Have real-time concerns or chicken-and-egg problems (disk drivers will have a hard time using virtual memory)? Fine, implement that driver - or just the portion that needs to be real time - in kernel. Just don't tell me my Palm USB driver needs to corrupt kernel memory and crash the system.
I think (in my non-lawyerish way) that Linus is wrong about what a judge will consider a derived work.
For userland programs all of which dynamically use the kernel he has said that he (as the copyright holder) won't find them actionable. (even if some GPL interpreters might disagree). I agree that they are not actionable, but not just because he thinks so. I think that even if he thought they were actionable, any judge would rule against him. Otherwise the entire software industry would have no legal basis, and clearly it does.
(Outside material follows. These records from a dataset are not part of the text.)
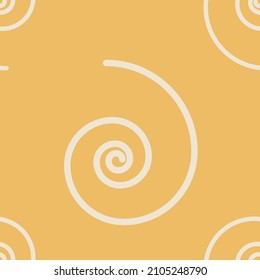 seamless pattern with white spiral on yellow background, abstract pattern in linear style, Flat style illustration for textile. Vector illustration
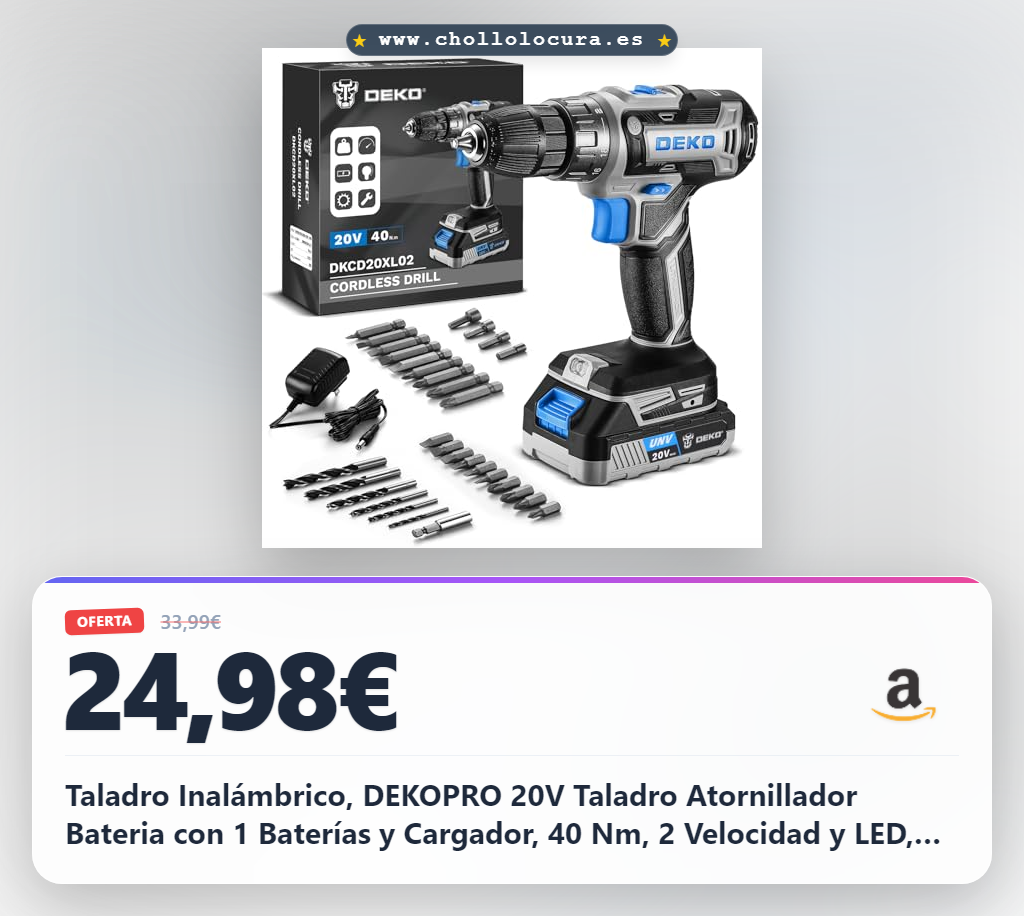 Taladro Inalámbrico, DEKOPRO 20V Taladro Atornillador Bateria con 1 Baterías y Cargador, 40 Nm, 2 Velocidad y LED, Adecuado para Bricolaje en Casa y Jardín,Azul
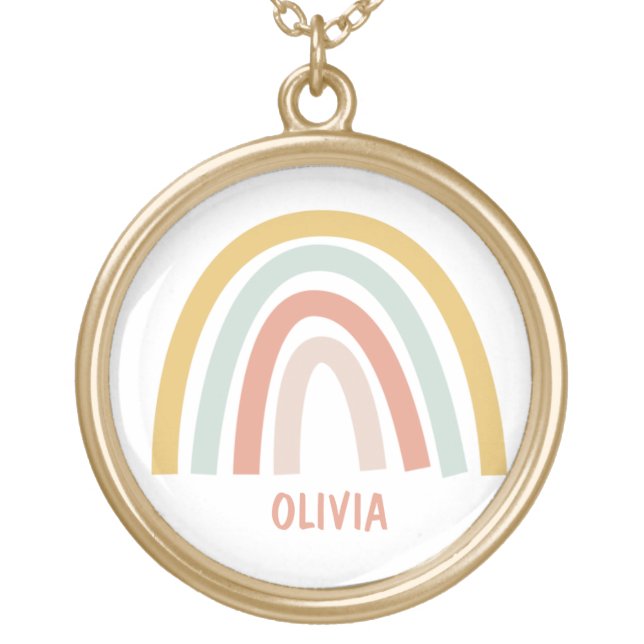 Boho Pastel Rainbow Personalized Gold Plated Necklace (Front)
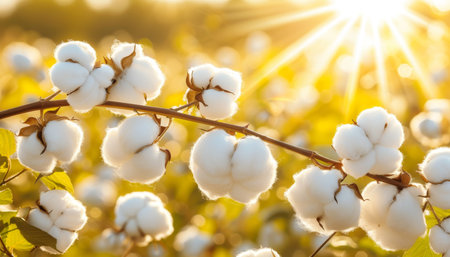 Sunlit cotton balls on branch in summer field, with space for text in serene setting.の素材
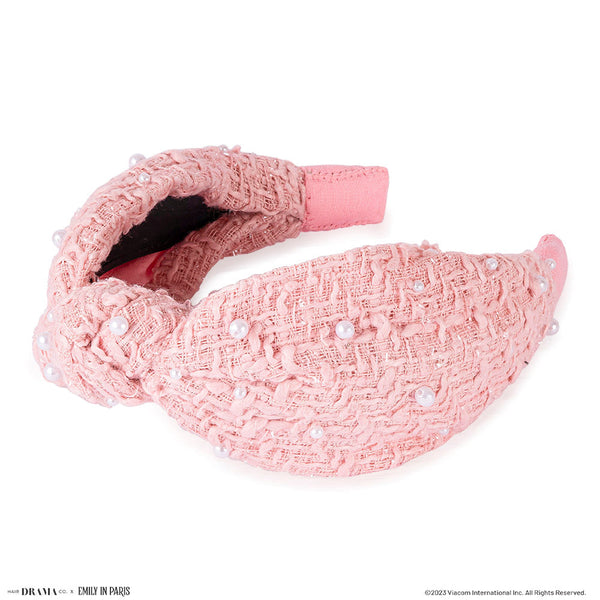 HDC X Emily In Paris Light Pink Tweed Knotted Hair Band With Pearls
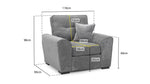 Maxwell Sofa - Grey Armchair - 110 CM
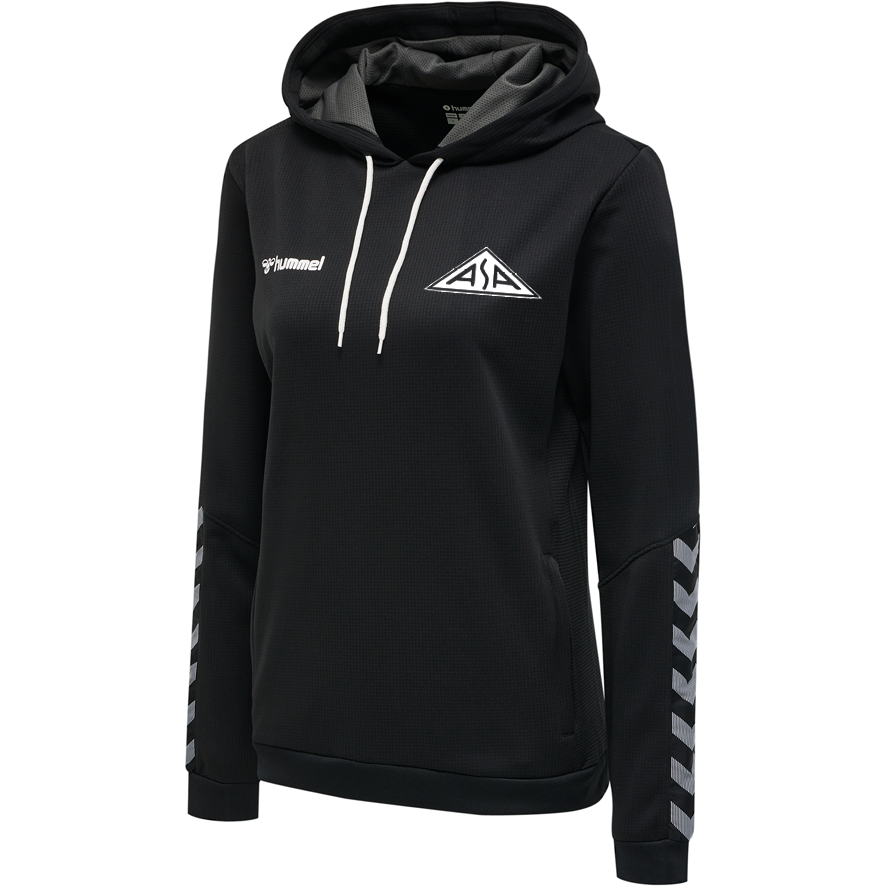 ASA Dame Hoodie sort inkl Klublogo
Dynamic loading or plugins just leaves a library shaped hole in your program. It could be filled by any library that matches the shape of the hole.
For dynamically loadable kernel modules or drivers he thinks they are actionable. For the same reasons as in userland above I think that just because he believes they are actionable, doesn't make it so. I think that no judge will agree with him.
For dynamically loadable kernel modules or drivers that use inline (i.e. copyable) kernel functions he believes they are actionable. I think there is a 50:50 chance that a judge will agree with him. I think there is also a chance that the judge will consider that since the inline functions form a part of the interface, that using them is fair-use, and rule against him.
For statically linked kernel modules he thinks they are actionable. I agree, if the module and kernel are distributed together. If the author just provides the statically linked module as some kind of patch, separate from the kernel, then it is not the module author that has created a derived work, but the user who installs it, and that is fine with the GPL.
I think his assertion that if you are "thinking of linux" when writing your module or driver, it becomes a derived work of his, is somewhat crazy.
But that's just my opinion. Linus has his, and so does everyone here probably. I'm sure that a lawyer would advise differently again. Personally I would love to see a GPL violation go to trial, for each of the cases above. Just to see what would happen. It would be interesting.